EXERCISE DETAILS:
This task calls for the lines below starting at the one containing "Homeowner pouring grease into a container" and ending at the one containing "A hotel room", repeated exactly with both ends kept and pictures left out.

RECORDS PROVIDED:
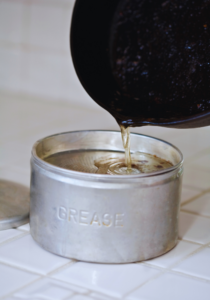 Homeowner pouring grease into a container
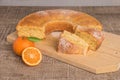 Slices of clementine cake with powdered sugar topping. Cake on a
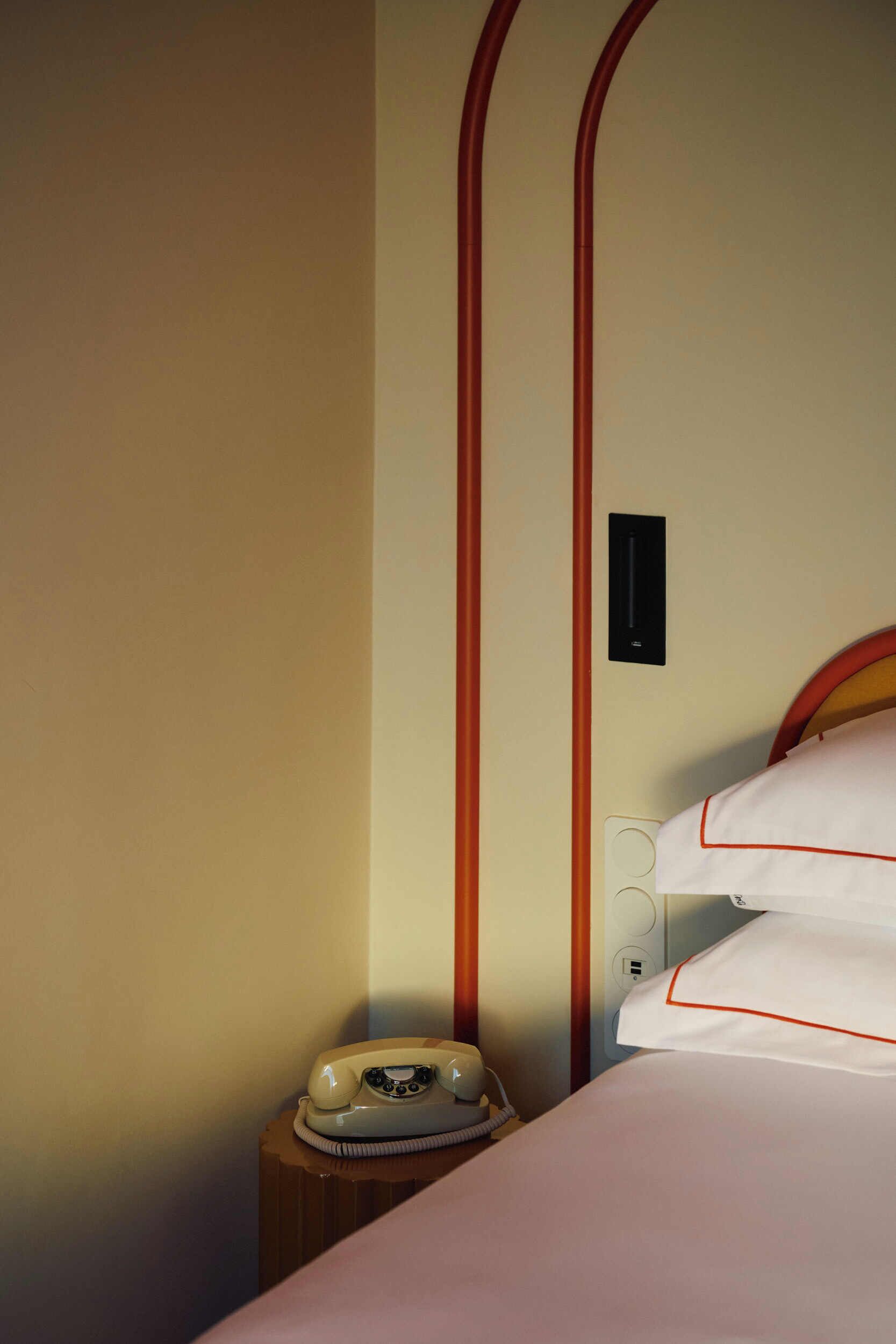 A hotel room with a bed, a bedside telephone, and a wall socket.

==

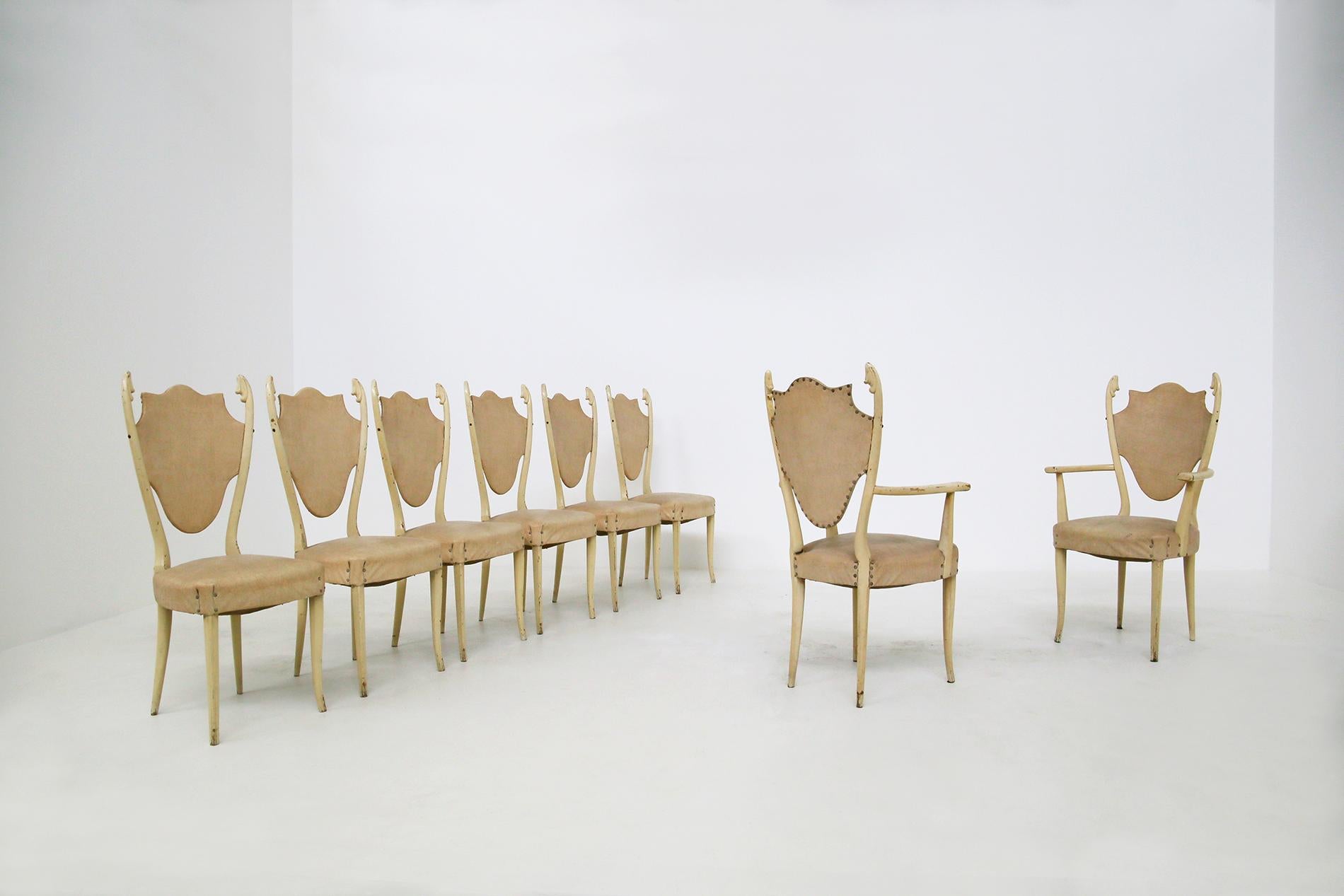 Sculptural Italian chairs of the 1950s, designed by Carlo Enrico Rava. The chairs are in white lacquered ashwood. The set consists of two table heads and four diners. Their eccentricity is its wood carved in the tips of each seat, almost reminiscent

YOUR SOLUTION:
 Homeowner pouring grease into a container
 Slices of clementine cake with powdered sugar topping. Cake on a
 A hotel room with a bed, a bedside telephone, and a wall socket.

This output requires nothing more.